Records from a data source

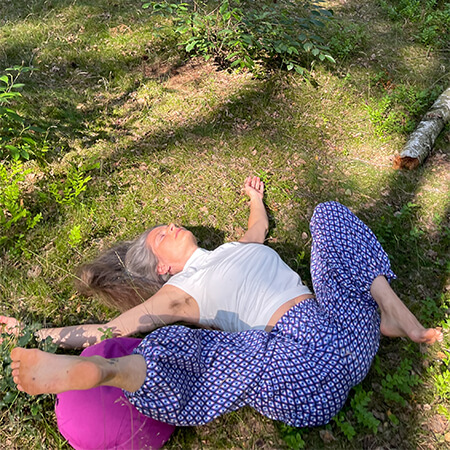 Nirmala lies on her back on the forest floor, one leg bent, the other stretched out to the side, arms open, playful yoga.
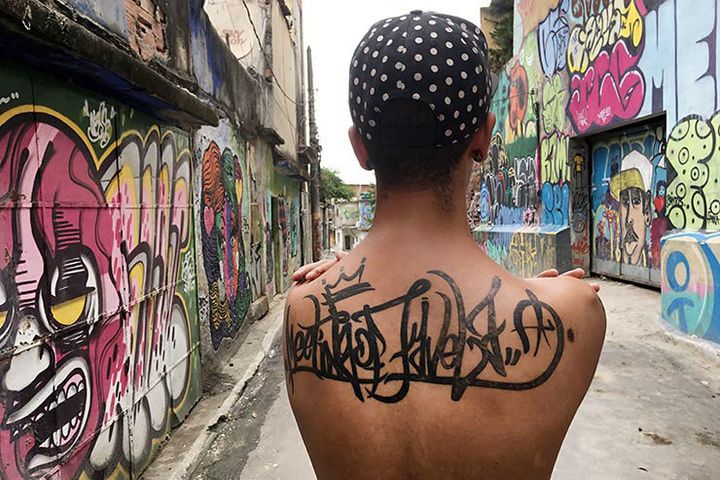 Aquilas Mano Costa from Rio De Janeiro. Mr. Costa a community coordinator and a tattoo artist displays his Meeting Of Favela tattoo. Aquilas is a member of the Costa family which was the host family of Ms. Cooper and other guests durin MOF. Meeting Of Favela 2016. Favela Operaria. Duque de Caxias. Rio De Janeiro, Brazil. 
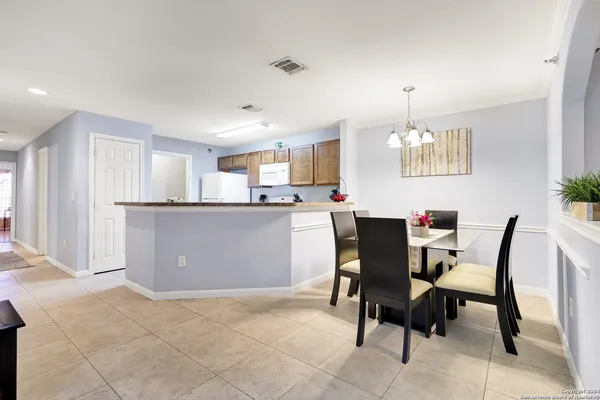 a kitchen with cabinets and window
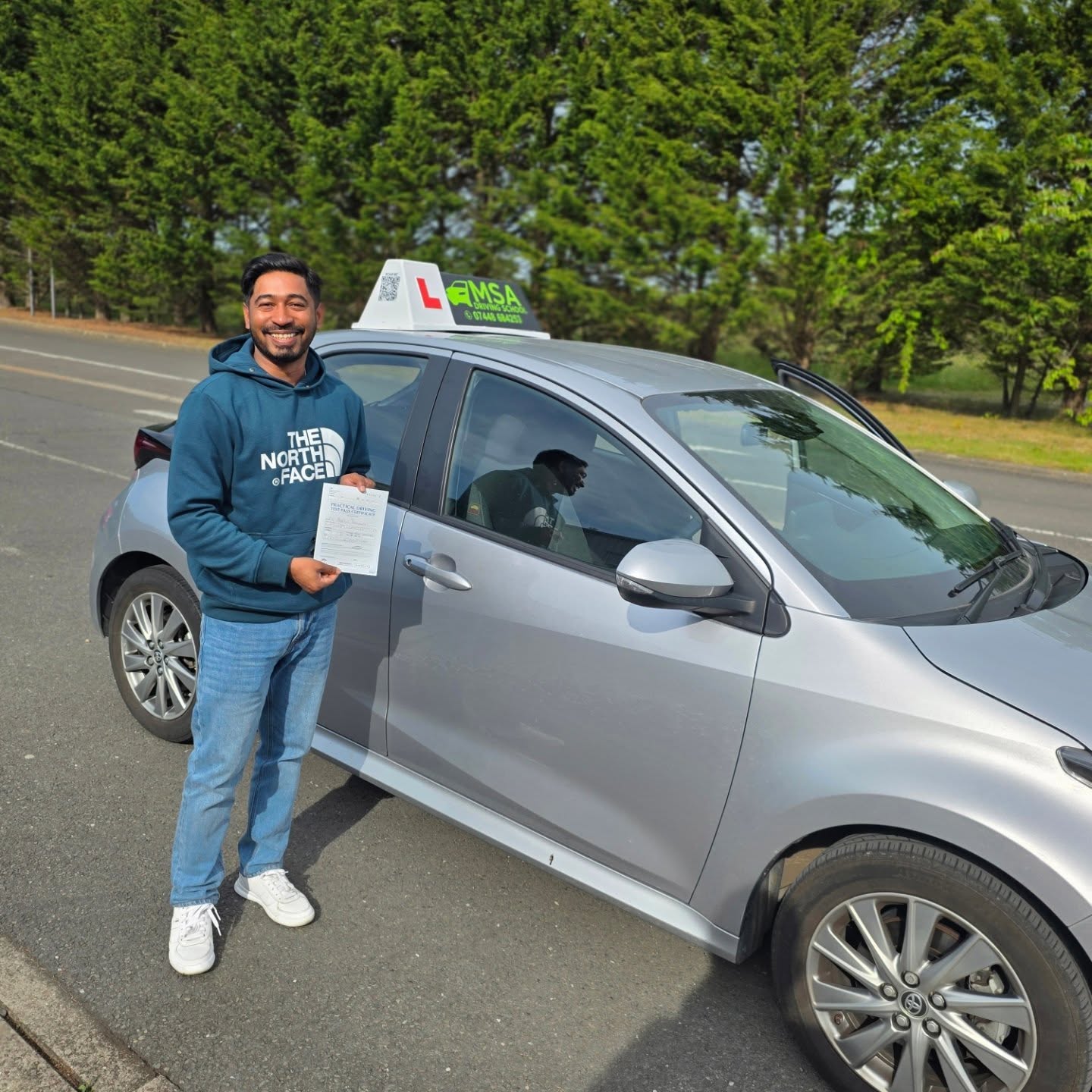 MSA Driving School pupil holding their pass certificate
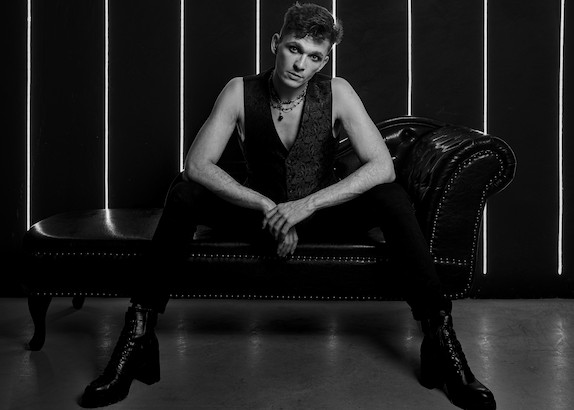 Męska fotografia wizerunkowa - mężczyzna na szezlongu w mrocznym, stylowym oświetleniu studyjnym.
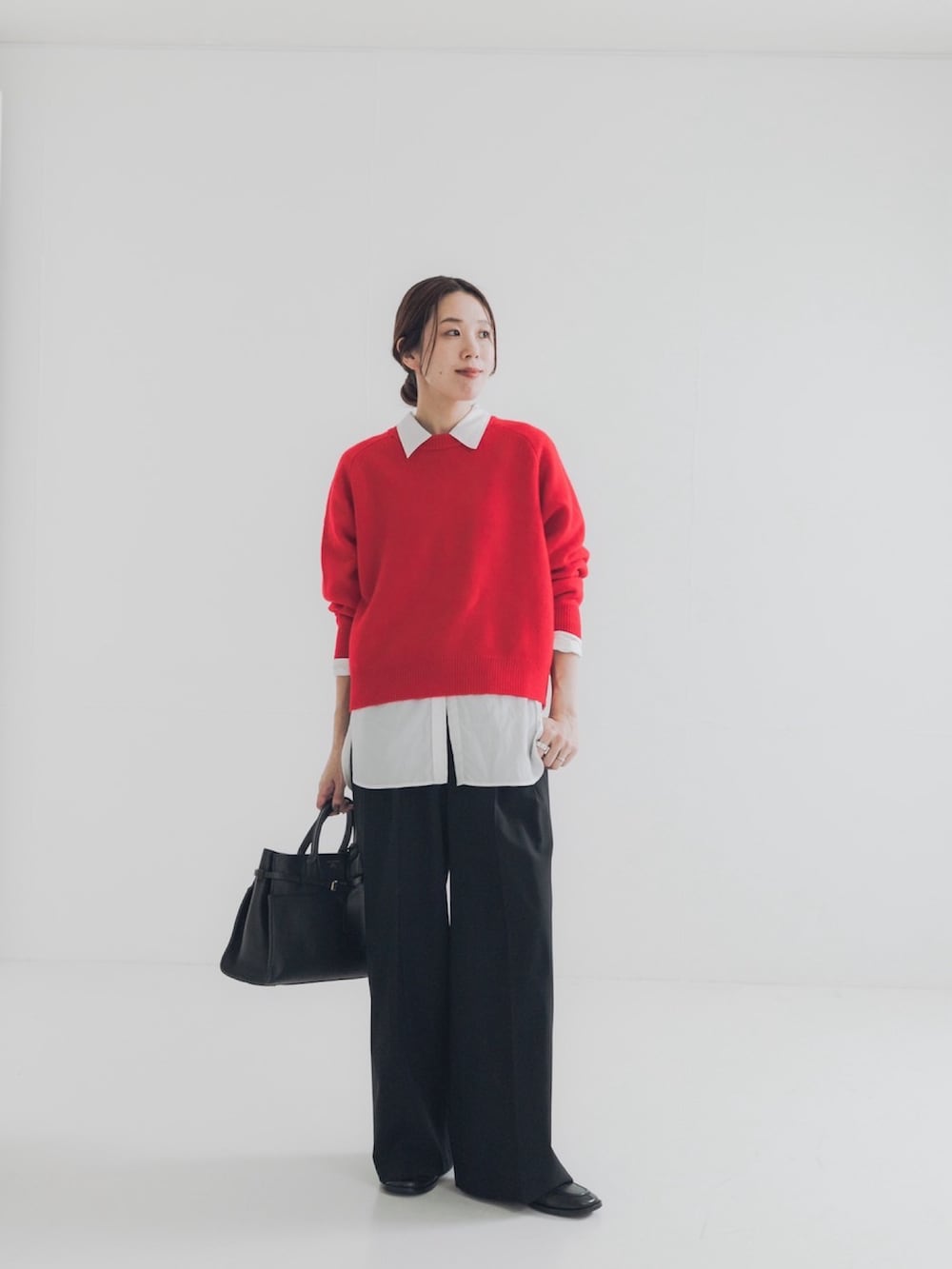 レッド系のニット/セーター、グレー系のその他パンツ、ブルー系のシャツ/ブラウスを着用したレディースの秋コーディネートの2枚目の写真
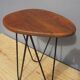 Tripod coffee table base pin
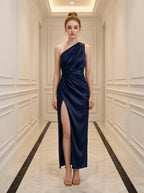 Woman in a navy blue satin one-shoulder gown with a thigh-high slit standing in a hallway.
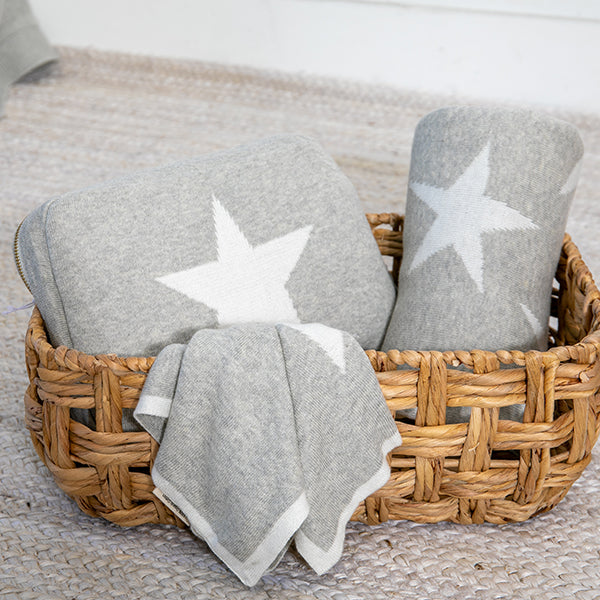 Vanilla and light gray baby blanket set with white star patterns in a woven basket on a textured mat.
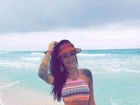Monique Amin curte férias em Cancún e exibe curvas generosas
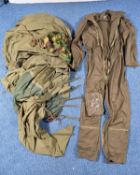 A BOX CONTAINING A MILITARY BIVOUAC TENT with metal pegs, a Military Aviators suit, camo item (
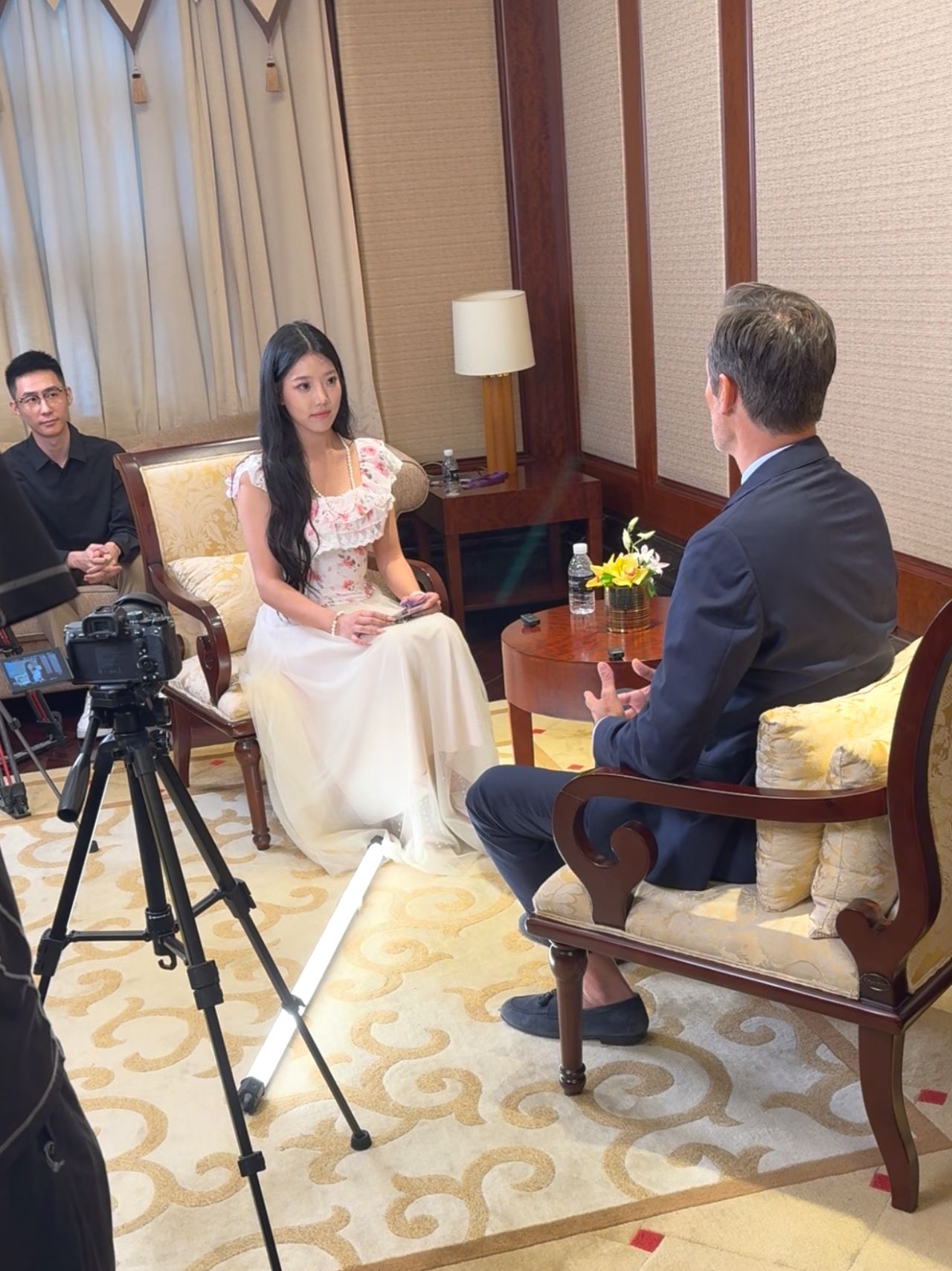 Media interview — a delegate interviewed on camera after the forum — China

Problem to solve: Only an exact, picture-free copy of the entries counts as the answer.

Answer space:
 Nirmala lies on her back on the forest floor, one leg bent, the other stretched out to the side, arms open, playful yoga.
 Aquilas Mano Costa from Rio De Janeiro. Mr. Costa a community coordinator and a tattoo artist displays his Meeting Of Favela tattoo. Aquilas is a member of the Costa family which was the host family of Ms. Cooper and other guests durin MOF. Meeting Of Favela 2016. Favela Operaria. Duque de Caxias. Rio De Janeiro, Brazil. 
 a kitchen with cabinets and window
 MSA Driving School pupil holding their pass certificate
 Męska fotografia wizerunkowa - mężczyzna na szezlongu w mrocznym, stylowym oświetleniu studyjnym.
 レッド系のニット/セーター、グレー系のその他パンツ、ブルー系のシャツ/ブラウスを着用したレディースの秋コーディネートの2枚目の写真
 Tripod coffee table base pin
 Woman in a navy blue satin one-shoulder gown with a thigh-high slit standing in a hallway.
 Vanilla and light gray baby blanket set with white star patterns in a woven basket on a textured mat.
Monique Amin curte férias em Cancún e exibe curvas generosas
 A BOX CONTAINING A MILITARY BIVOUAC TENT with metal pegs, a Military Aviators suit, camo item (
 Media interview — a delegate interviewed on camera after the forum — China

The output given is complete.